I'm currently working on a C++ project which does numerical calculations. The vast, vast majority of the code uses single precision floating point values and works perfectly fine with that. Because of this I use compiler flags to make basic floating point literals single precision instead of the double precision, which is the default. I find that this makes expressions easier to read and I don't have to worry about forgetting a 'f' somewhere. However, every now and then I need the extra precision offered by double precision calculations and my question is how I can get a double precision literal into such an expression. Every way I've tried so far first store the value in a single precision variable and the converts the truncated value to a double precision value. Not what I want.
Some ways I've tried so far is given below.
#include <iostream>
int main()
{
std::cout << sizeof(1.0E200) << std::endl;
std::cout << 1.0E200 << std::endl;
std::cout << sizeof(1.0E200L) << std::endl;
std::cout << 1.0E200L << std::endl;
std::cout << sizeof(double(1.0E200)) << std::endl;
std::cout << double(1.0E200) << std::endl;
std::cout << sizeof(static_cast<double>(1.0E200)) << std::endl;
std::cout << static_cast<double>(1.0E200) << std::endl;
return 0;
}
A run with single precision constants give the following results.
~/path$ g++ test.cpp -fsingle-precision-constant && ./a.out
test.cpp:6:3: warning: floating constant exceeds range of ‘float’ [-Woverflow]
test.cpp:7:3: warning: floating constant exceeds range of ‘float’ [-Woverflow]
test.cpp:12:3: warning: floating constant exceeds range of ‘float’ [-Woverflow]

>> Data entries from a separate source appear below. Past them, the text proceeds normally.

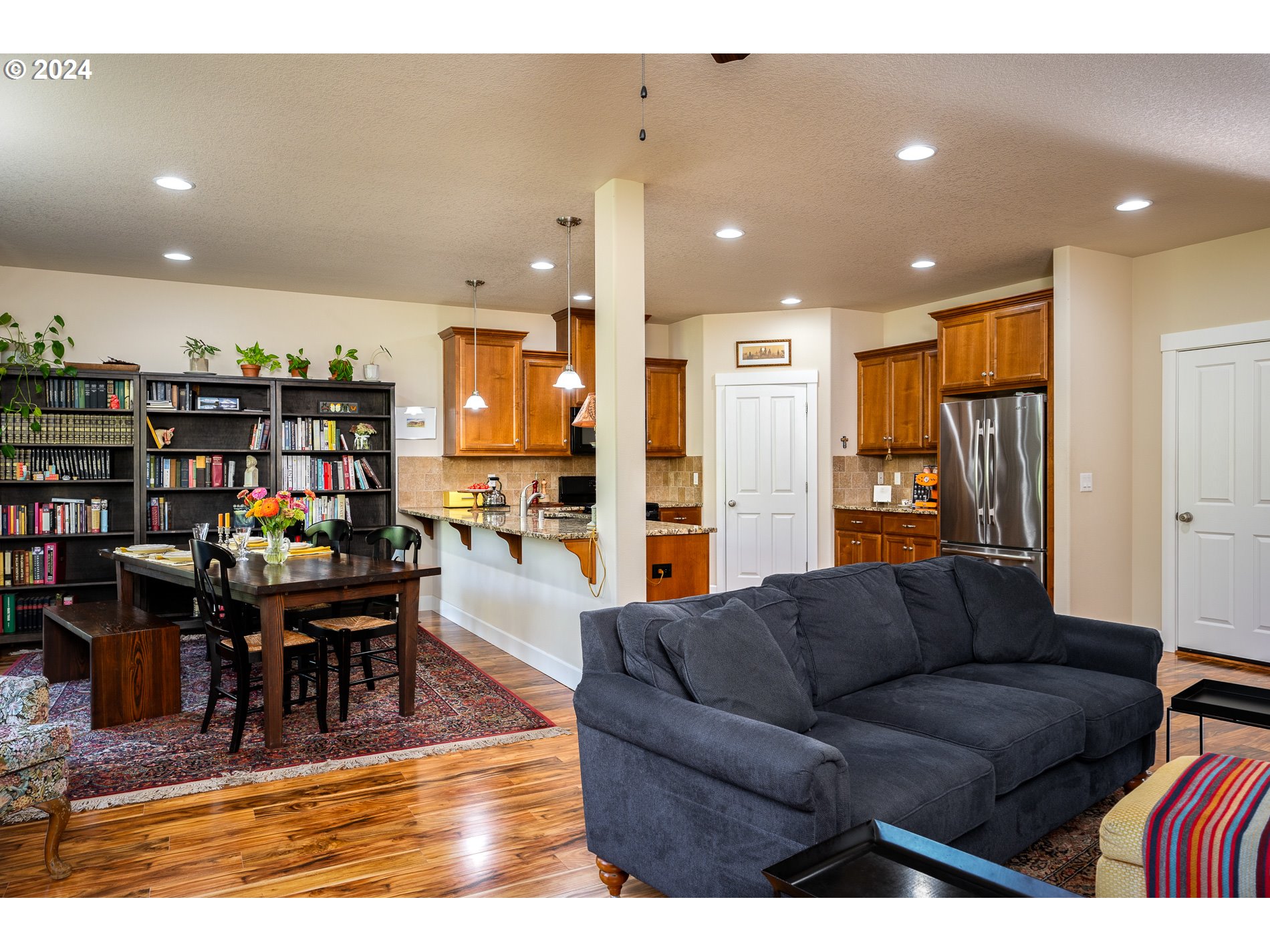 512 N HORNS CORNER DR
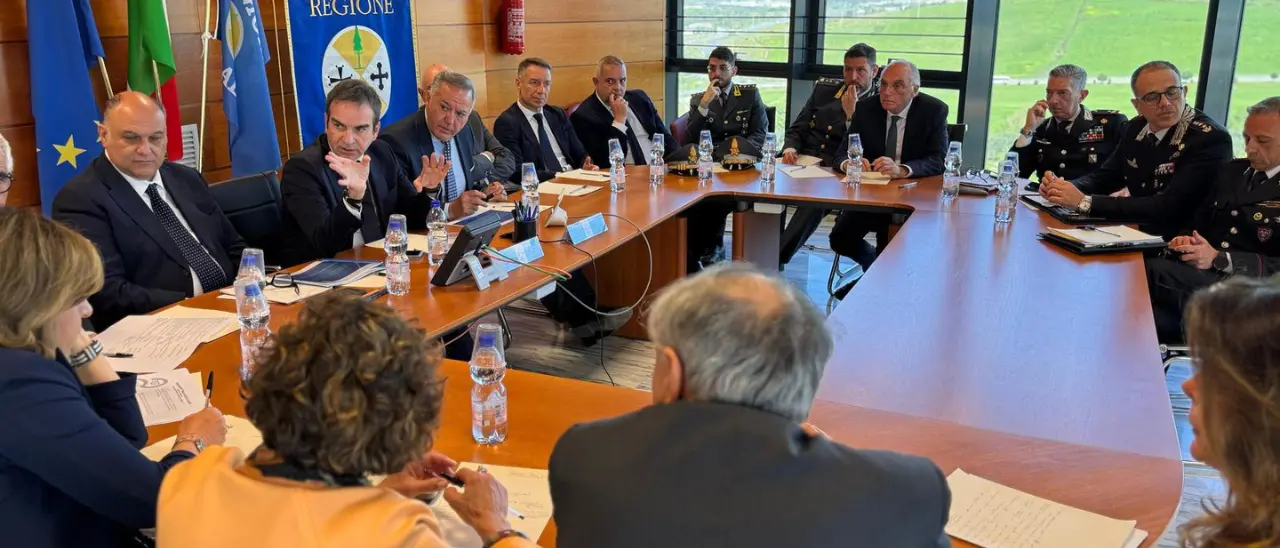 Tutela del mare: dalla Regione gps, droni e radar per monitorare sversamenti e scarichi abusivi dopo l’estate 2024 da dimenticare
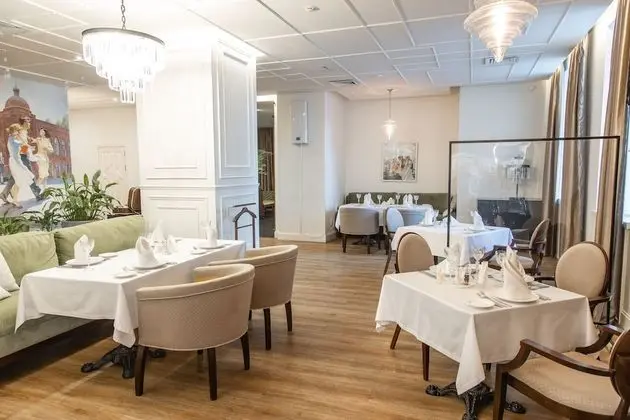 Tsentralny by Usta Hotels - Yerinde Yemek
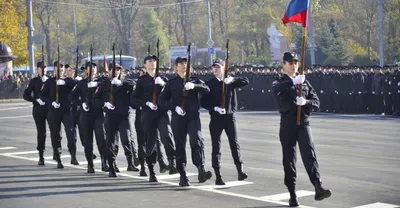 Девушки-курсанты Краснодарского военного училища провели свои первые  учебные полеты. Новости. Первый канал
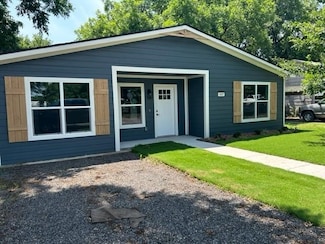 419 Miller St, Bowie, TX 76230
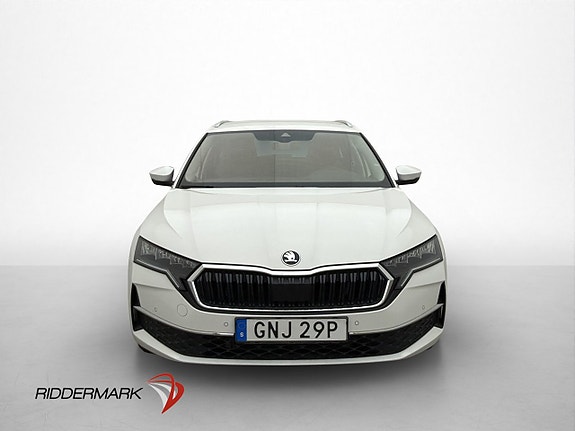 Skoda Octavia 2 of 5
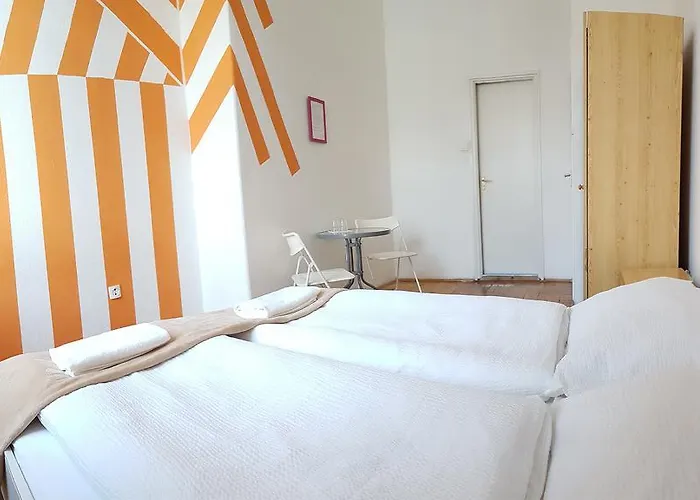 Westend Minihotel Pensiune 3*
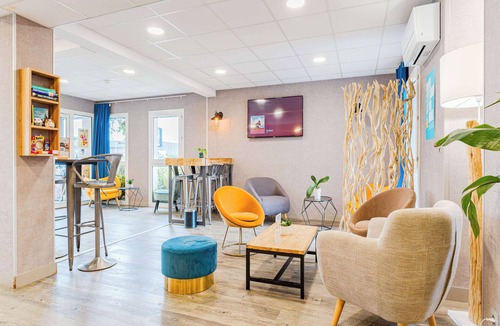 Chambray-les-Tours Hotel | KYRIAD DIRECT Tours Sud - Chambray Lès Tours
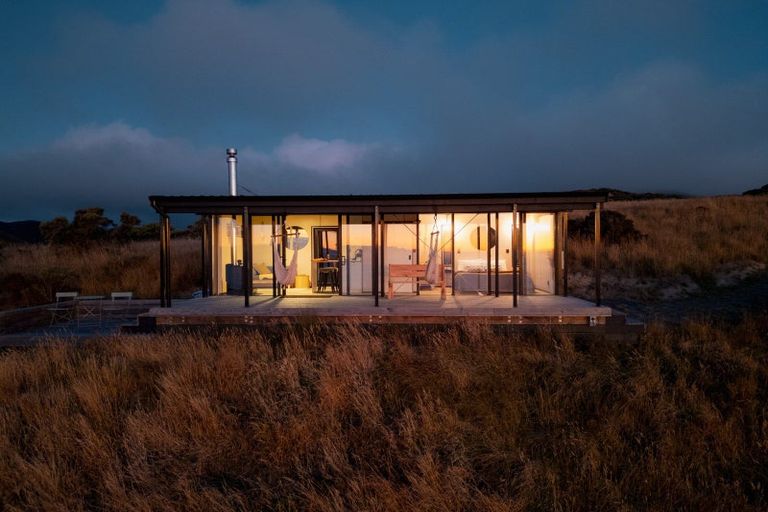 Photo of property in 74 Te Wai Komaru Way, Makara, Wellington, 6972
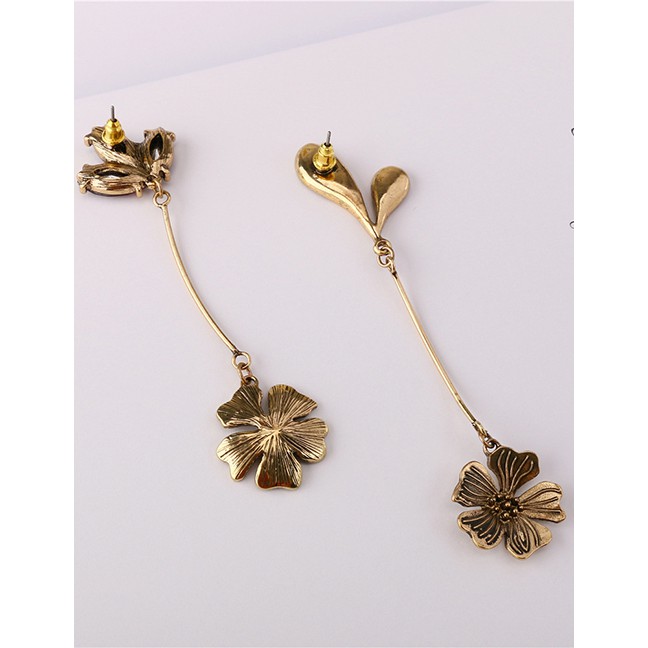 LRC Anting Tusuk Fashion Ancient Gold Asymmetrical Flower Earrings F69864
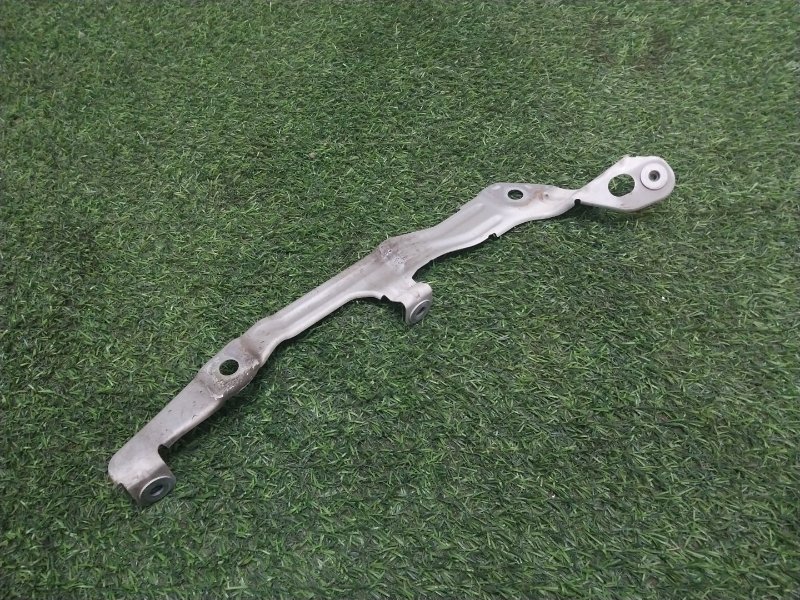 Кронштейн крепления крыла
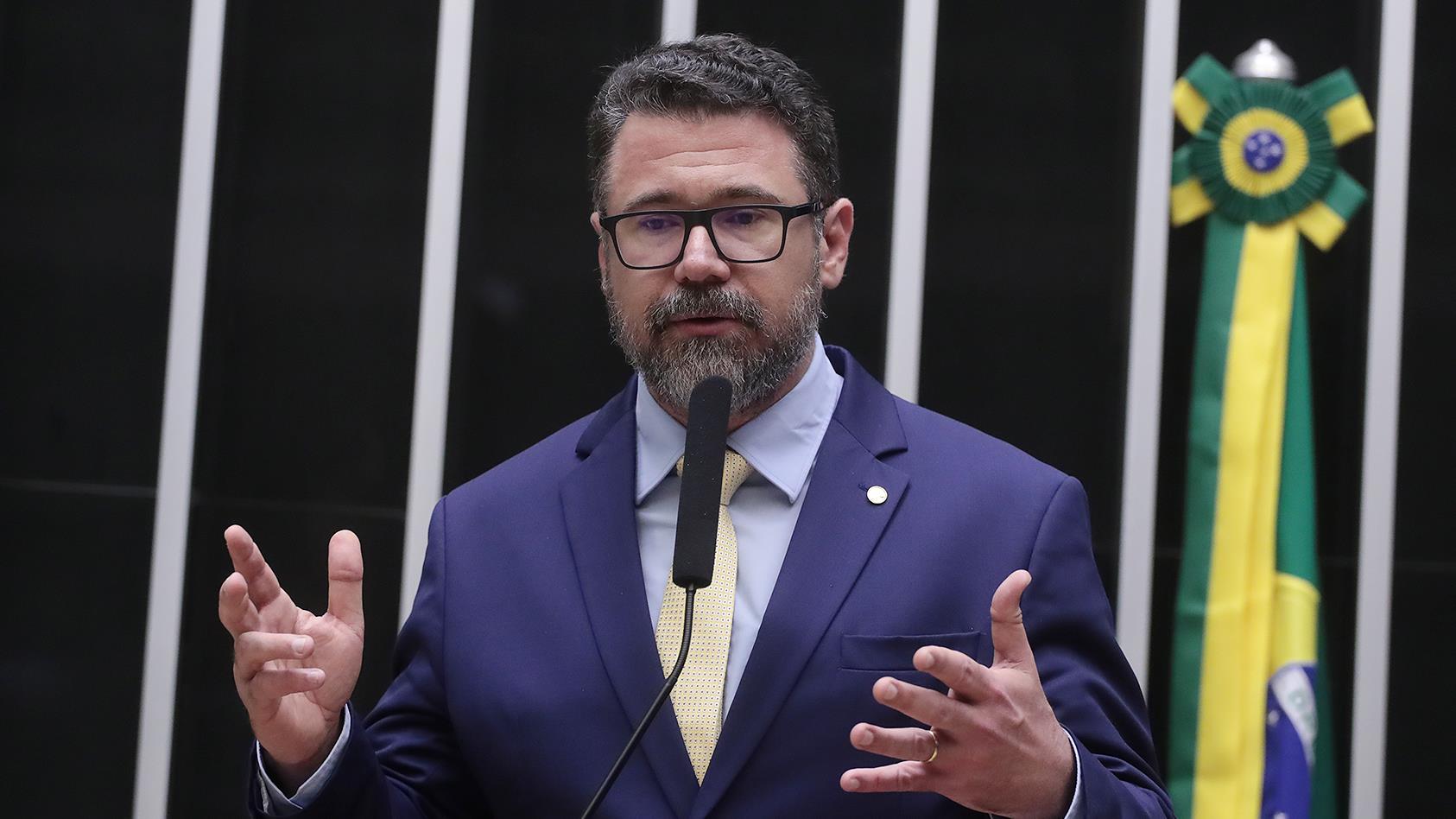 Pollon disse ter visto violência, humilhação e falta de assistência a homens e mulheres presos.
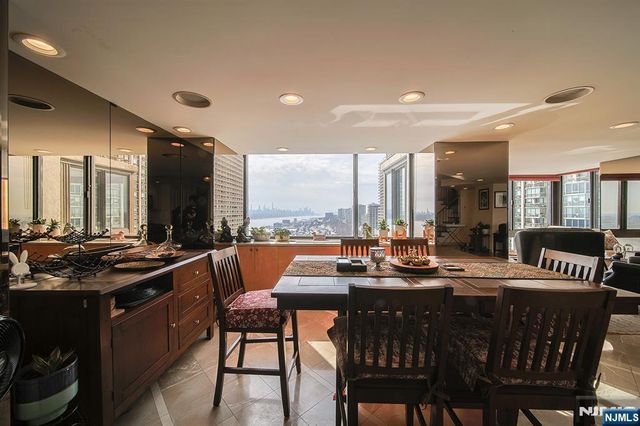 200 Old Palisade Road 16E, Fort Lee, NJ 07024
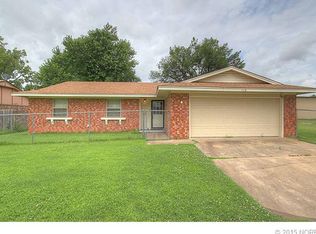 1118 S Oak St, Bristow, OK 74010
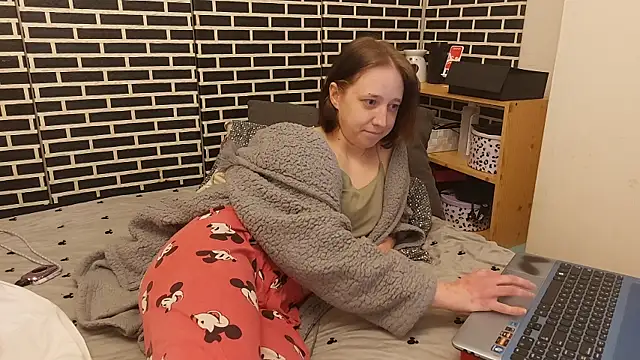 Snapshot of Spatgirl chatting on 14, 2, 2026 Spatgirl online show from 14, 2, 2026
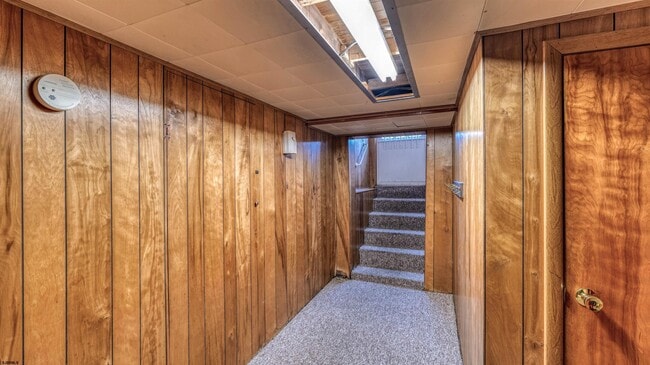 Building Photo - 549 Tuckahoe Rd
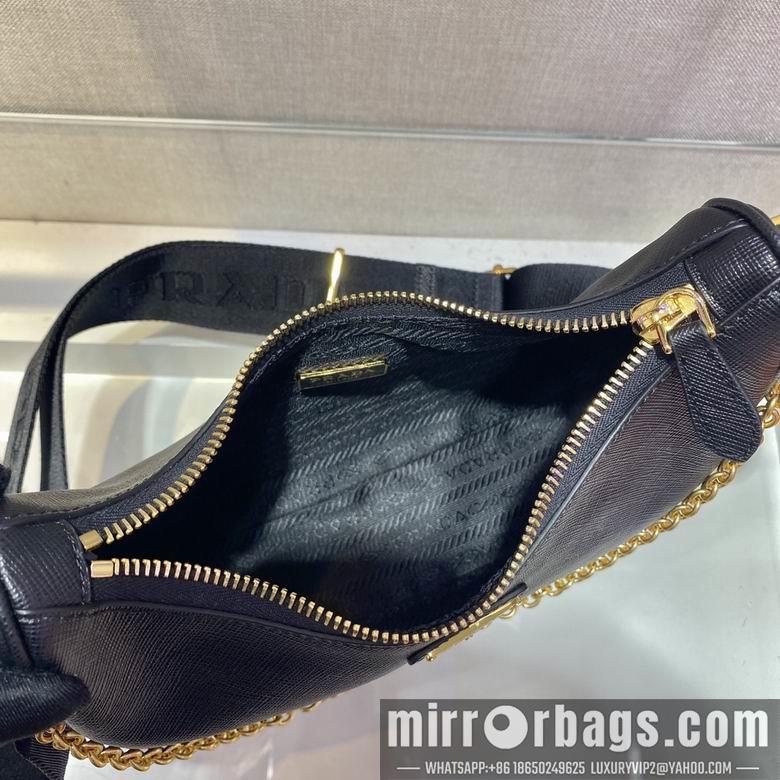 Prada Bags Re-Edition AP1BH204 23X17X6.5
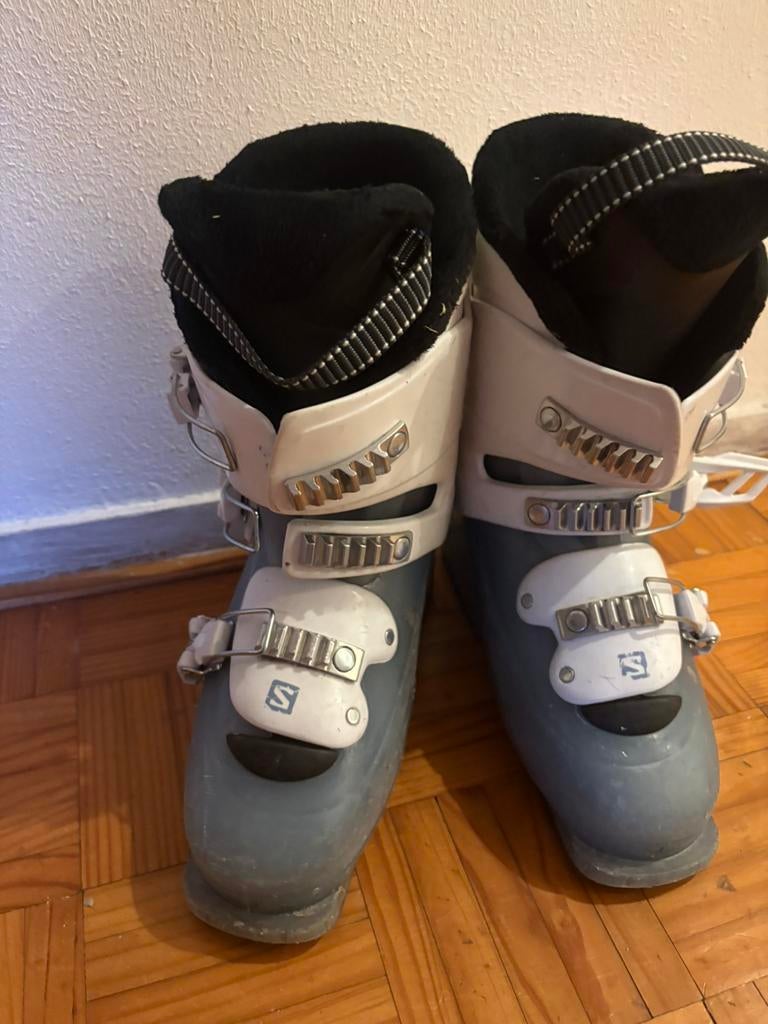 Skischoenen 23( maat 36 ongeveer), 100 tot 140 cm, Schoenen, Zo goed als nieuw, Ophalen
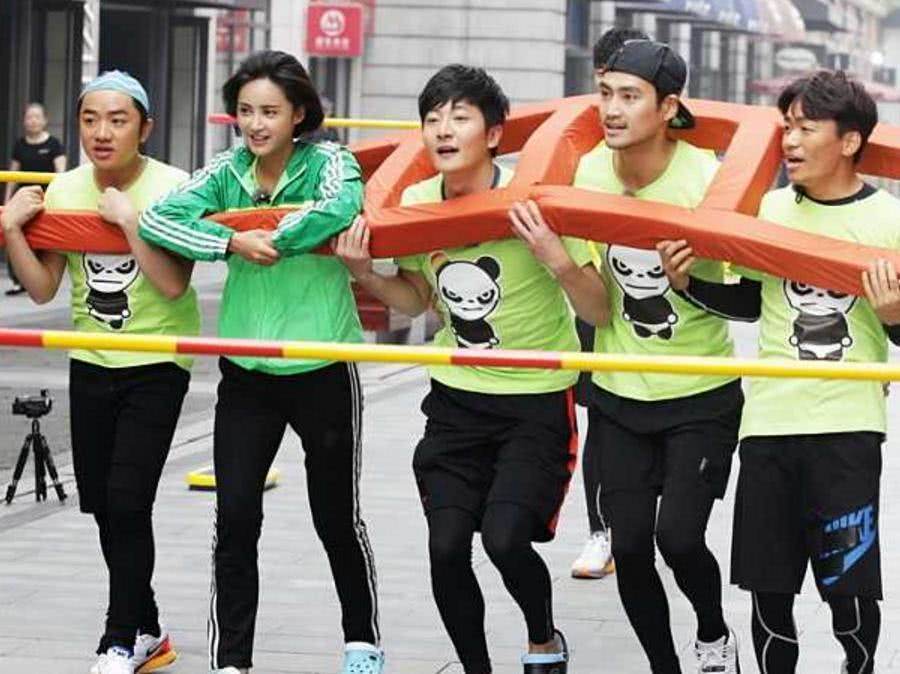 「奔跑吧兄弟」上过奔跑吧的七对情侣，两对正在热恋，一对已分手，最后一对已离婚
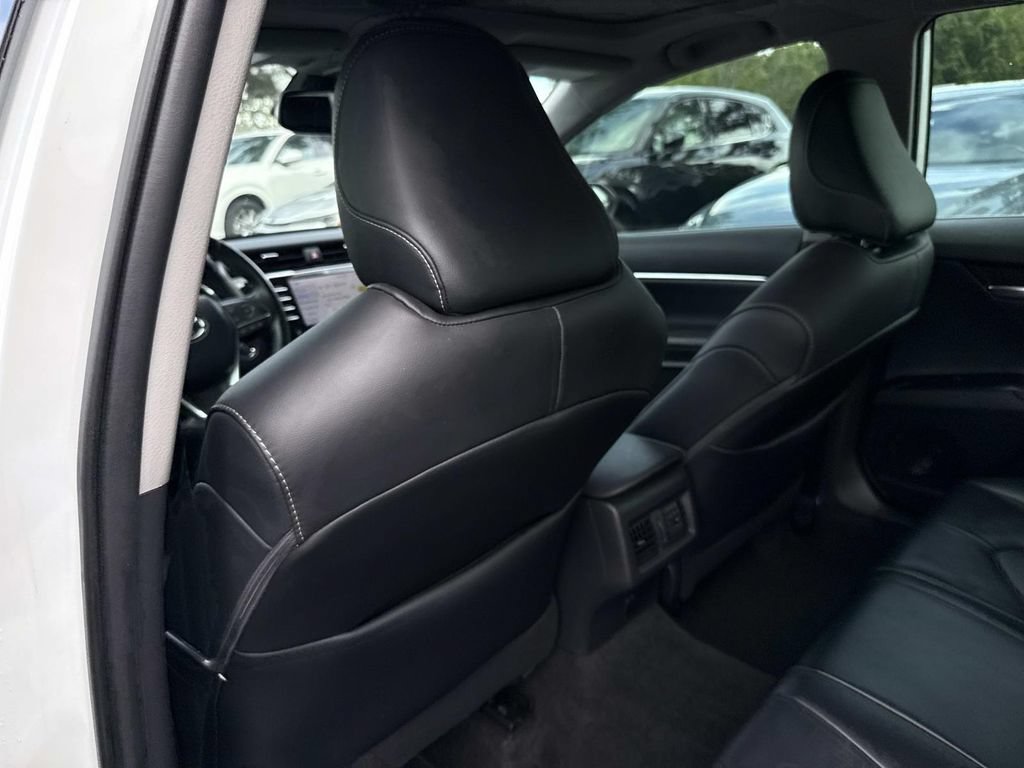 Used 2020 Toyota Camry XSE w/ Navigation Package FWD image 13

test.cpp:13:3: warning: floating constant exceeds range of ‘float’ [-Woverflow]
test.cpp:15:3: warning: floating constant exceeds range of ‘float’ [-Woverflow]
test.cpp:16:3: warning: floating constant exceeds range of ‘float’ [-Woverflow]
4
inf
16
1e+200
8
inf
8
inf
It is my understanding that the 8 bytes provided by the last two cases should be enough to hold 1.0E200, a theory supported by the following output, where the same program is compiled without -fsingle-precision-constant.
~/path$ g++ test.cpp && ./a.out
8
1e+200
16
1e+200
8
1e+200
8
1e+200
A possible workaround suggested by the above examples is to use quadruple precision floating point literals everywhere I originally intended to use double precision, and cast to double precision whenever required by libraries and such. However, this feels a bit wasteful.
What else can I do?